When I was a fresher, a second-year called David Codrington asked this, “Do you just want to just follow the cycle of life? Go to school, get married, have children then die?” I remember just mumbling something incoherent for answer. At 19 and fresh at uni, my future thinking consist of whether I’m going to the Underground or just catching the latest flick next weekend (yes, I vaguely do have future planning of jobs etc, my secondary school teacher did a pretty good job about that). But now, at the grand old age of 31, I have a proper answer to that question.

Dear David, I actually did go in and join the cycle of life of going to school, to graduate school, then work. Then I found love, got married, have children and is now a full time mom to two lovely children. And so far it has served me well. I got lucky I guess. Or maybe it is just a case of preparing myself well. For example, while I love my husband very much I also know that marriage is not something you can take for granted. You need to work at it. You don’t just say “I do” and it will be happily ever after. No, it doesn’t work like that. To find happiness, you have to be willing to work on it. What do we like, dislike, what do we want out of life, out of each other? How we can compromise, what can we compromise? Sure there will be days you’d feel like packing it in, there’ll be days you feel like a princess. But as long as the two of you still share the same goals, ideas and ideals, (and he’s not abusive) it is worth fighting for.

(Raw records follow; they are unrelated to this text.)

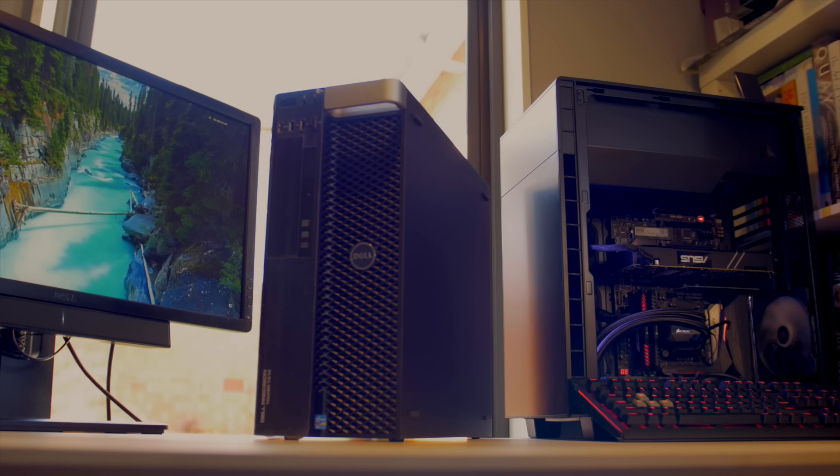Hey guys, welcome back. This is going to be a comparison video between our last video where we built the Dual Precision. If you haven't seen it and you want to check it out, I'll pop it up in the top corner. We're going to compare cores with clock. Our test bench is a 4-core 4 GHz CPU machine, and the Dual Precision was a 2.4 GHz 24-core machine. Hopefully this will help you decide which one is better for you.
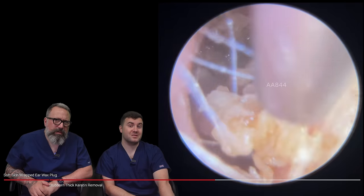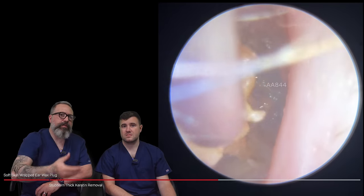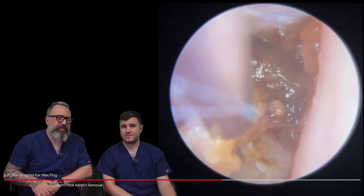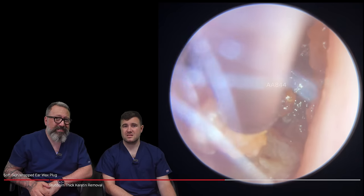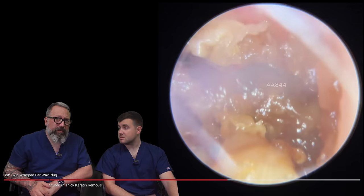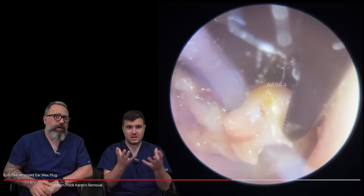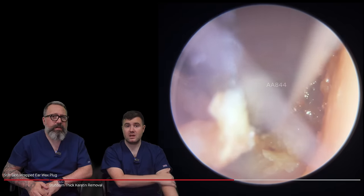What you've got to think of is this would normally be the skin that would be migrating down, forming the canal wall skin. But this has just been collecting around it, so you're not getting that lovely migration off the eardrum — it's probably going to look very mottled, you might not even see some of the features on it. The patient didn't experience any dizziness at all during this, which I was worried about especially when we were taking these thicker pieces away from the eardrum — I was half expecting the patient to start feeling a little bit squishy.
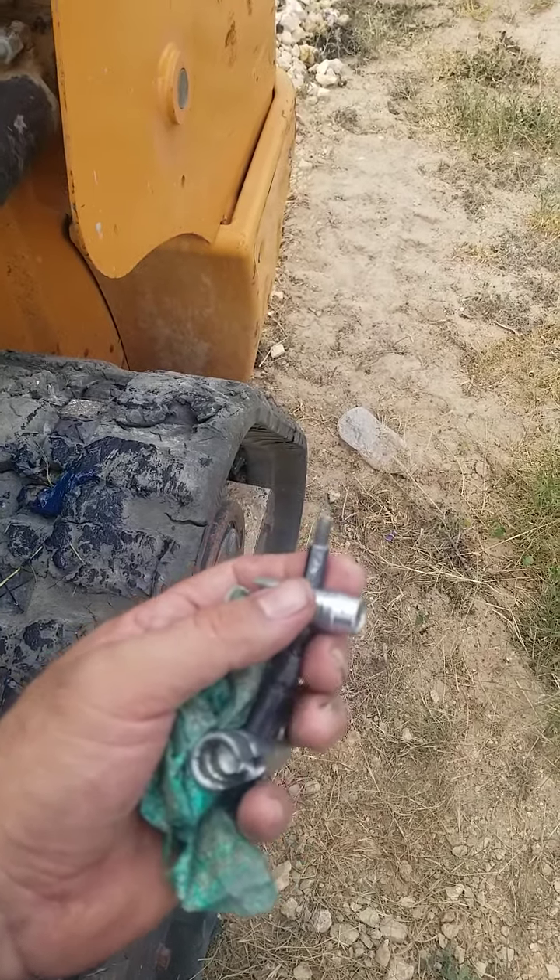I've seen a few guys make the mistake of holding the belly pan up with their knee when they do the last bolt — and yep, call 9-1-1, someone screwed up their knee or popped a joint. Anyway, I'm getting off track — that's a whole different scenario. Hey, thanks for watching. Grease fitting tool — everyone should have one. These guys saw me whip these out and they didn't know what they were — they were in shock. Thanks.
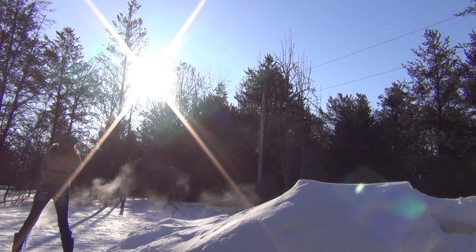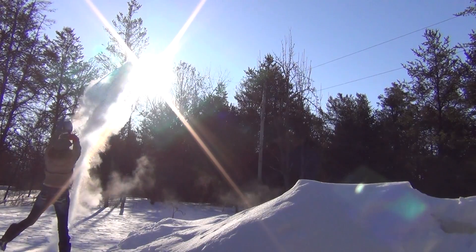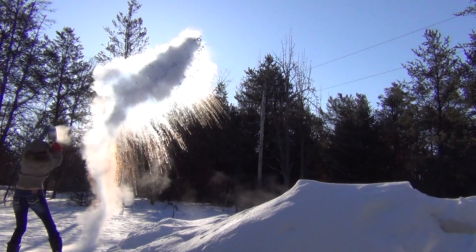Well, the blue dye didn't seem to make much of a difference, but I hope you guys all enjoyed this fun little experiment. Have a great day and thanks for watching.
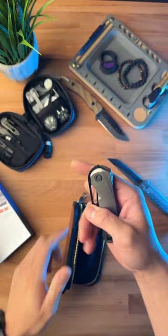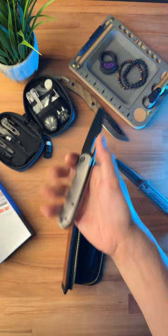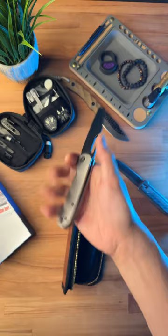Looks like this is the new Devo Knives Buzz. I think these are titanium scales. Not sure what the blade steel is, but this thing is pretty comfortable. This is a pretty sweet knife, and if you want to see more dope knife content, then subscribe to my channel.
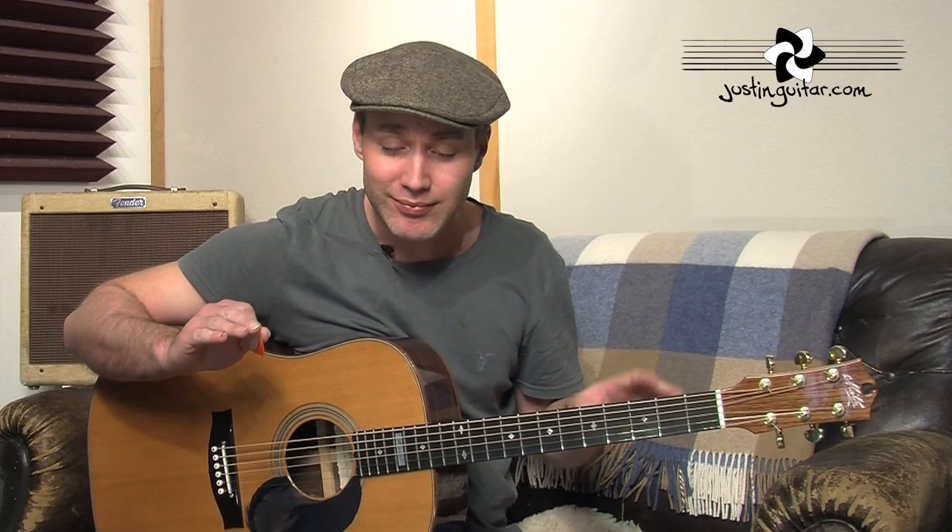I just realized I'm singing some of the wrong words, but that doesn't matter does it — what are words, you know. That's pretty much the tune. It's a pretty straight kind of a song. You probably want to be doing a bit of a shuffle kind of strumming pattern on this.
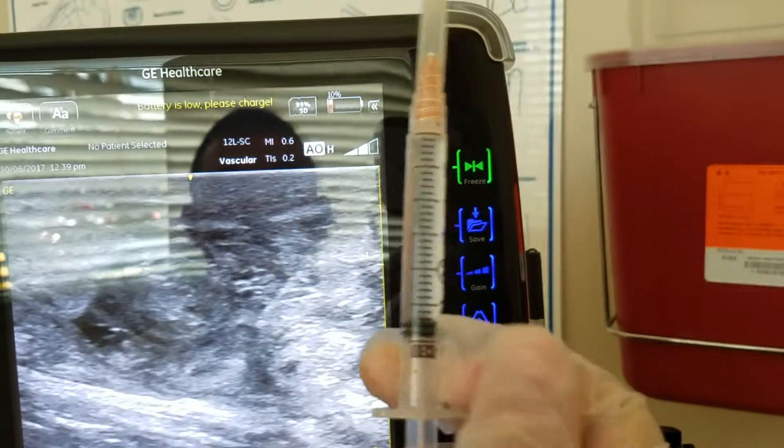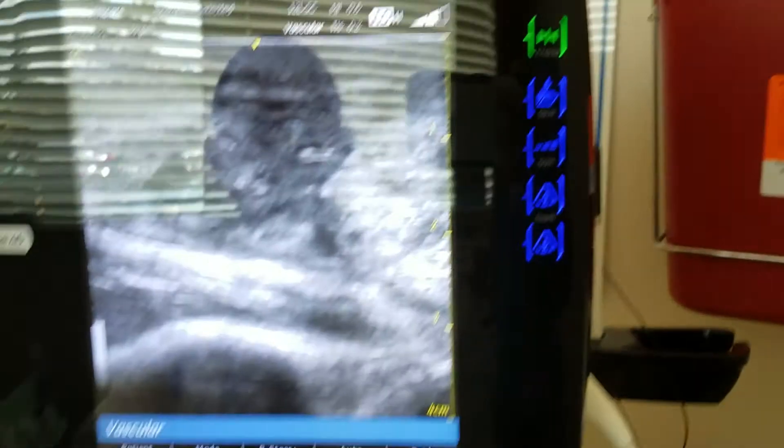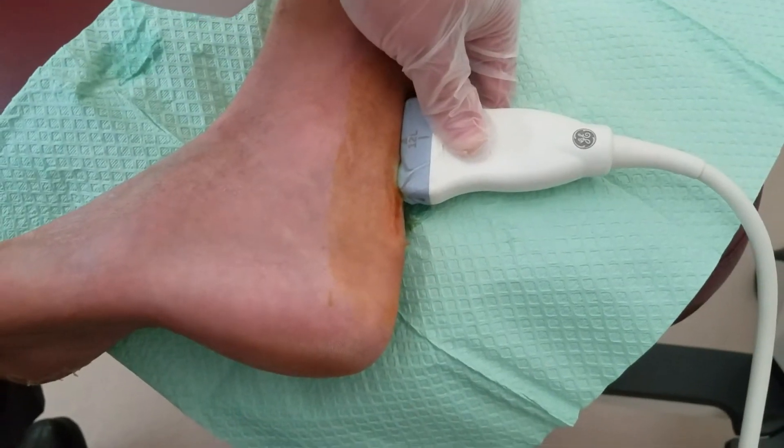Three cc's of stem cell right here — three cc's. That is all amniotic injectable stem cell. We're going to visit the Achilles — that's exactly where it was, the pointer where I showed you on the screen.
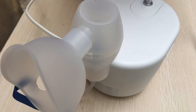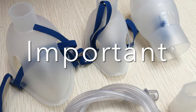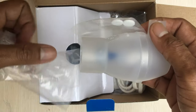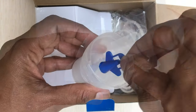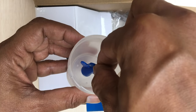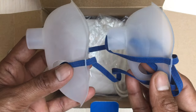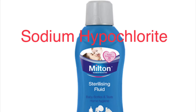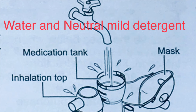Friends, let's see how to use the Omron nebulizer kit. First, the important thing to check is that the kit is clean and dry. The parts like the inhalation top, vaporizer head, medication tank, mouthpiece, and the mask can be cleaned using commercially available disinfectant or simply using warm water and neutral mild detergent.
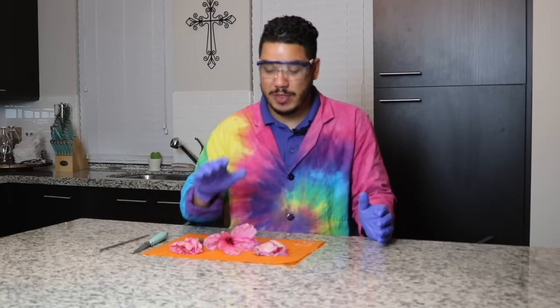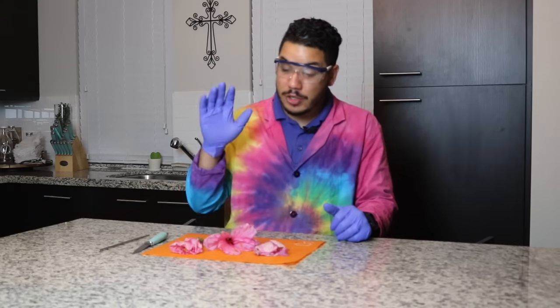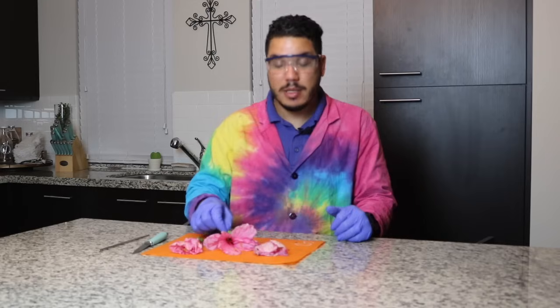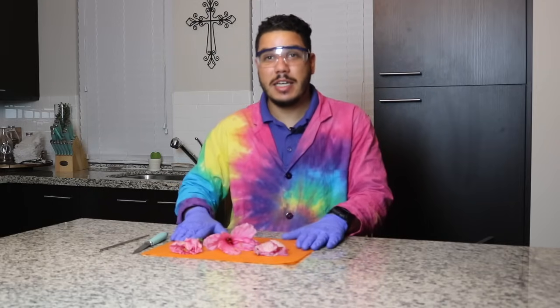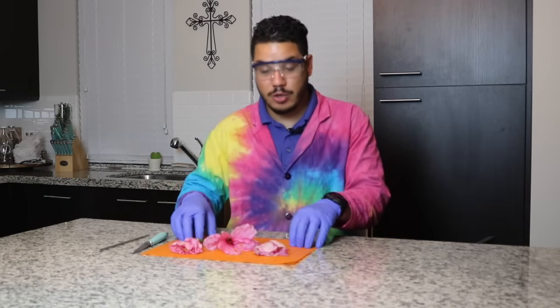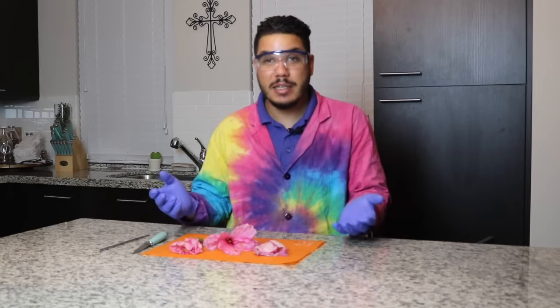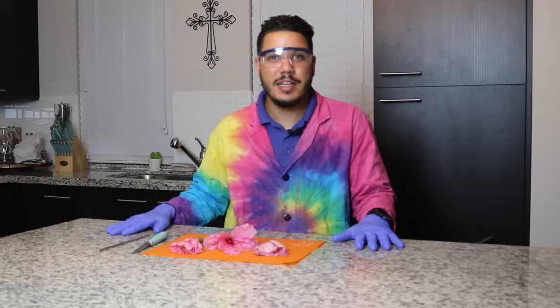I'm only using this because I want to give the best cuts possible on the camera for you. You're going to need your flowers, and I have a flower bud as well that we're going to be dissecting. And of course, a nice clean cutting surface — I'm just using an old cutting board. You can use a paper plate, a plate that you're going to wash afterward, or even just the counter works fine.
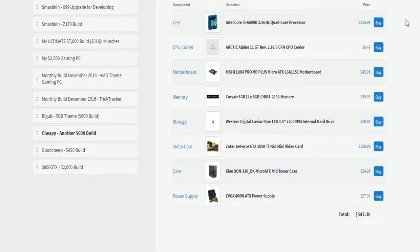I'd say you should keep with the stock cooler, but I'm not really sure — I don't think this comes with a stock cooler, and that's why I threw in the MSI H110M motherboard, because it has enough ports.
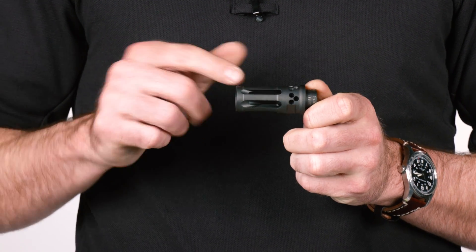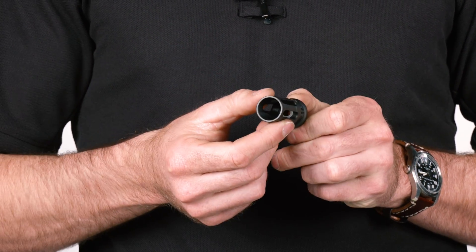This is made of heat-treated stainless steel with an ion bond coating, so it's extremely durable. The Closed Tine design reduces your snag factor, and the overall length is a little bit shorter than the standard war comp as well.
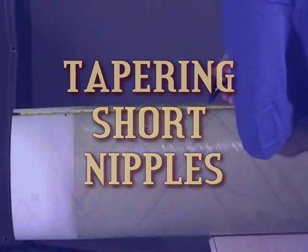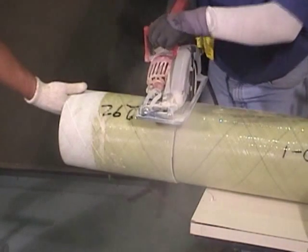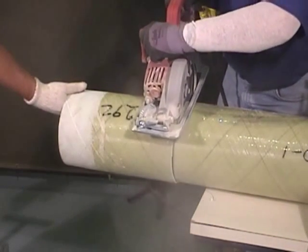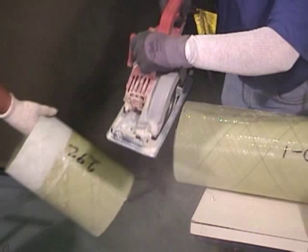We will show how to taper short nipples. After you have tapered one end of a section of pipe, cut the pipe to the desired nipple length. Make sure the overall length of the nipple does not exceed the sum of the two insertion lengths.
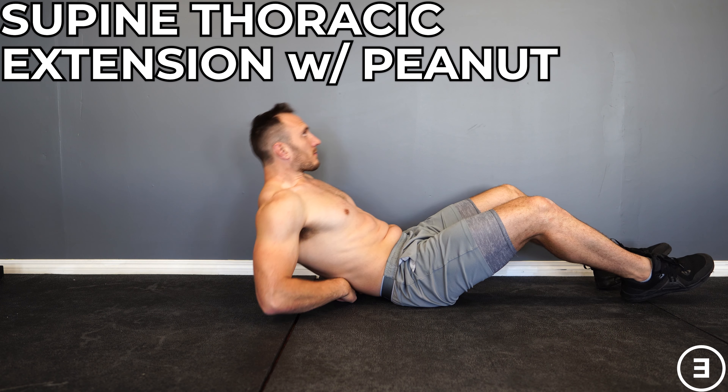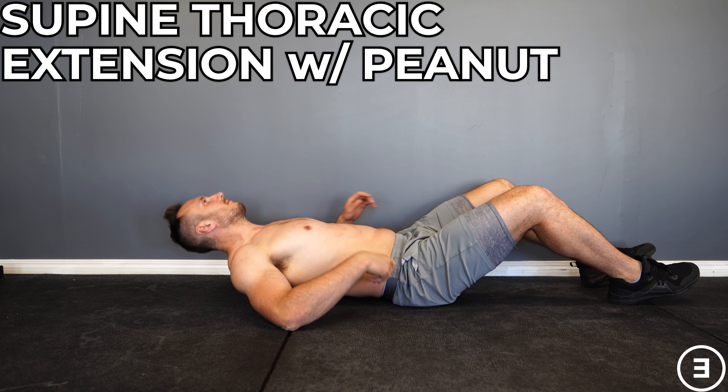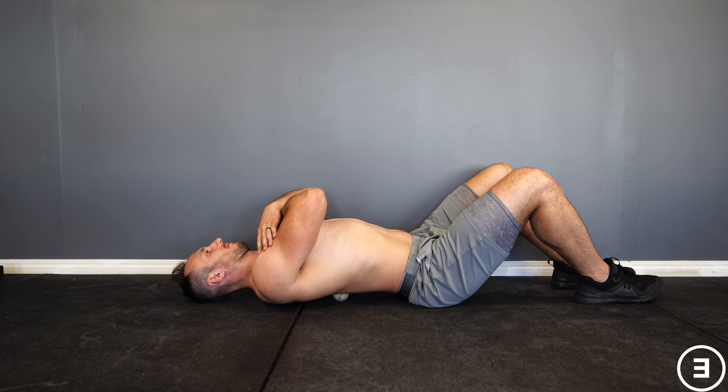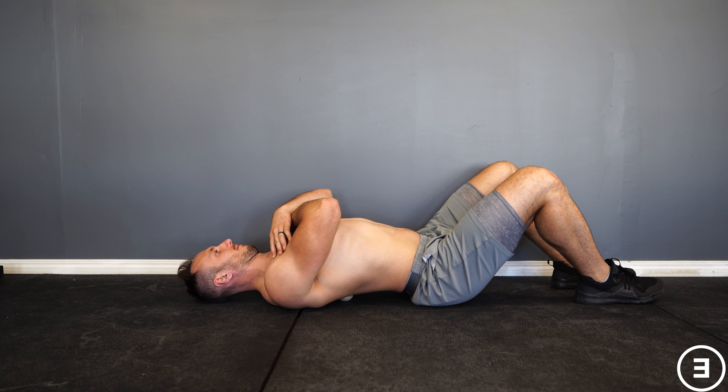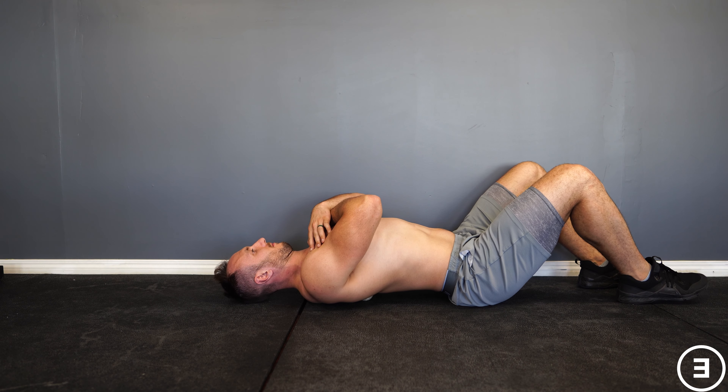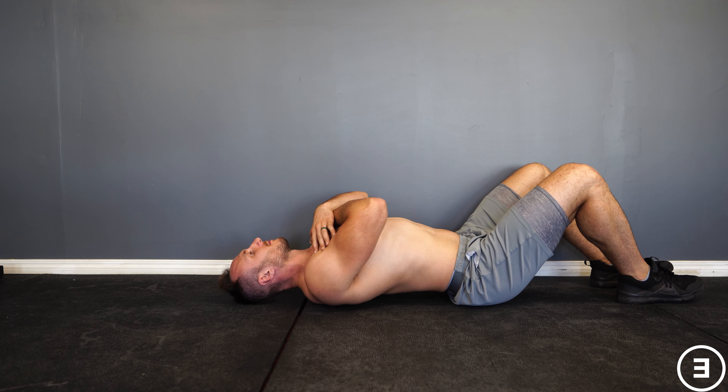Supine thoracic extension with the peanut. These are just two lacrosse balls or tennis balls taped up to make it a little bit more localized. It'll be similar to extending over a foam roller. You can just place that peanut wherever you'd like and then you're just going to try to fulcrum over that region. It's not going to be a whole lot of movement.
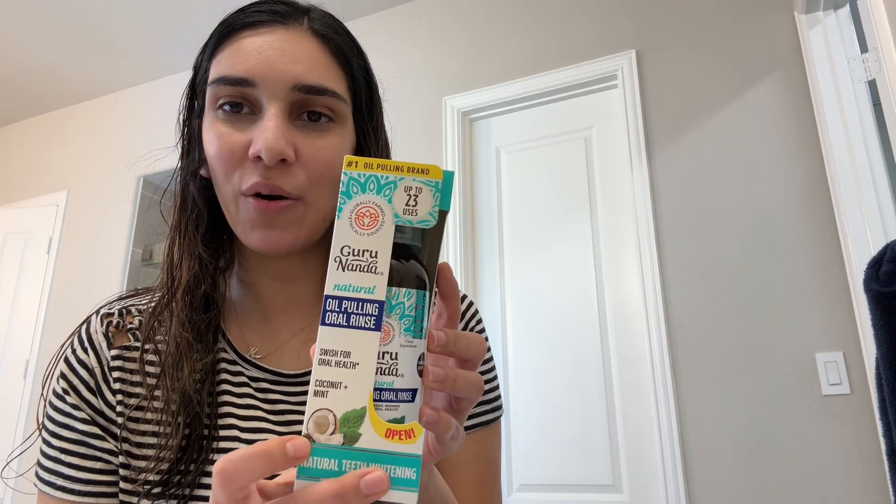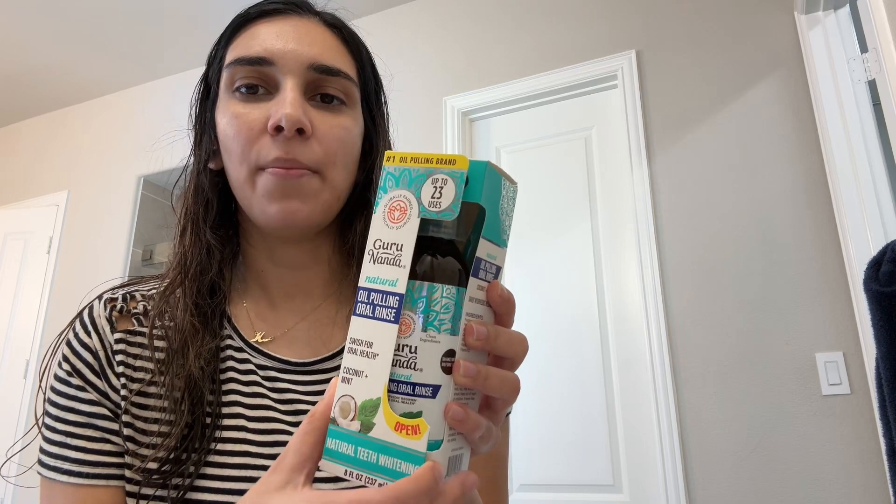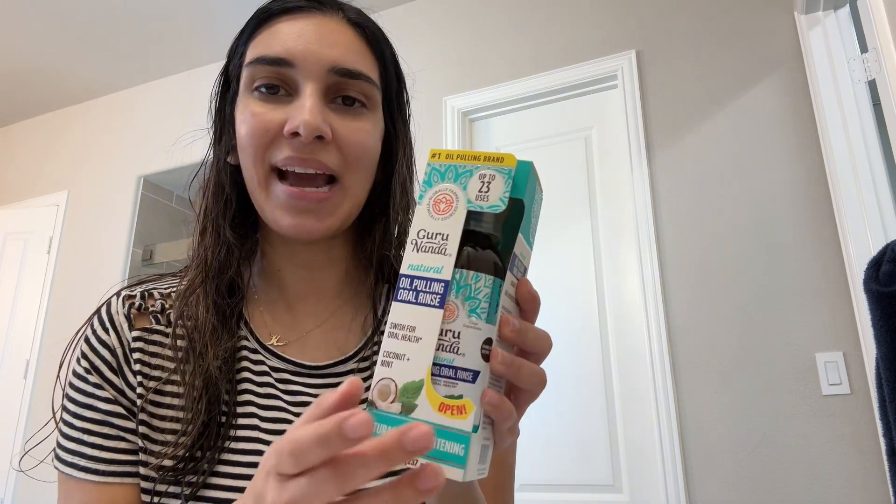Hi, here is the Guru Nanda oil pulling oral rinse that I just got and I'll go ahead and show you what's inside and how easy it is to use it.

As for career, it started out good. I’m pretty sure that if I stick at it, I’d probably be at a position that I projected myself to be. However, things don’t always go according to plan. I have kids and opted out of the rat race. I am not sure when and if I go back though I don’t close that door; never say never. But really, I have two beautiful, happy, healthy children and since so many can not have one of their own, having a child is not a right, it is a privilege. Thus, I don’t want to lose any of their milestones like being there to see their first time they can lift their head, roll about, crawl, sit, walk, etc. Besides, at work, anyone is replaceable. Some might be worse, some might be better. But my children will only have 1 mother for their entire life. Surely motherhood is a much more important job.

And about death… well, that’s about the only sure thing in life isn’t? So really, the question should be how well do you want to life your live? Is your live on earth going to be a beneficial, fruitful one? Are you going to make it better or at least die trying?

I would. I’d give it a shot. I have to.

Ok, so I may not have been married for very long nor is my children are all grown up. I don’t know what the future would be like, but I do know that there are others before me, who been through the cycle and have a pretty good life at the end of it. My parents’ marriage is still going on strong as ever. They have problems, they make mistakes, but that doesn’t stop them from living. Their offspring may not be the greatest achievers – none of us won the Olympics – but I think we turned out ok. If we keep trying to be a better person, I have good faith that my cycle could be just as good if not better.

So, to answer your question, yes, I would like to be part of that cycle. It is worth it. If you haven’t joined in, give it a shot David, you might just like it.